We know how ugly death is – we have seen Jesus die. We know there is life the other side of death – we have seen Jesus smash death. We don’t have to get everything sorted now, with all scores levelled now, because the day is coming when every score and every person gets sorted. We don’t have to have it all now, and we are free to use what we have for others – because we shall have everything then.
Grief now. Leaning into suffering now. Looking past the present to an ultimate future.
One of the things that makes all that elusive is the rolling 24 hour news cycle. Among those who put news together there is the saying “What bleeds, leads”. If it’s alarmist and graphic, that’s what we are served. Is there any other news but catastrophe just now?
Of course we should we be aware of what is happening with the pandemic? Just 1 or 2 news broadcasts a day will do that. At least as much, we need to be hearing the words of Jesus. Words that speak about grief over sin. Words that speak about his power and purpose and presence in our troubles.

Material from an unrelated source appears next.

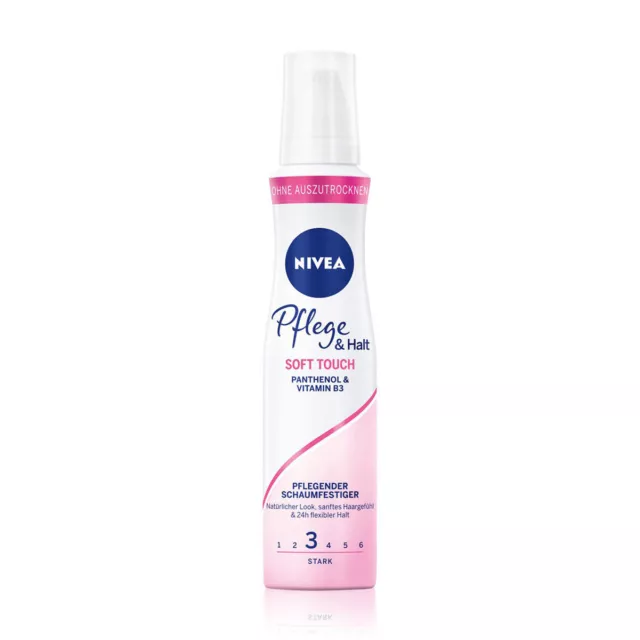 Nivea Mousse Coiffante Soin Et Support Doux Touch Sans Colle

Words that speak of a new heaven and a new earth where everything is radically new.
Words of life and for life are with Jesus. If clever people find a vaccine for Covid-19, 170,000 of will still die next year.
While the Prime Minister and other leaders, give a brilliant lead just now, they still will not be able to heal our deepest fears, or give the meaning and significance for which our souls long.
How many stories do we have to hear of people who make it to the top, have everything, live to 100, but who still die, and still hurt, and so often are self-absorbed, before we realise that hope, real hope simply isn’t to be found anywhere in this world?
Isn’t that what we are learning in a new way just now? That there is no ultimately true answer in this world?
Jesus once preached a sermon to a crowd of about 10,000 people. They didn’t like what he said and they walked away in droves. “Won’t you go also go away?” Jesus asked his disciples. “To whom can we go?” Peter asked. “You alone have words of eternal life?”
Words that free us to grieve. Words that enable us to lean into suffering. Words that enable us to look past the present to the most real world of all.
To whom will you go? That’s a good question for any day, but it was never more pressing than in this bad day.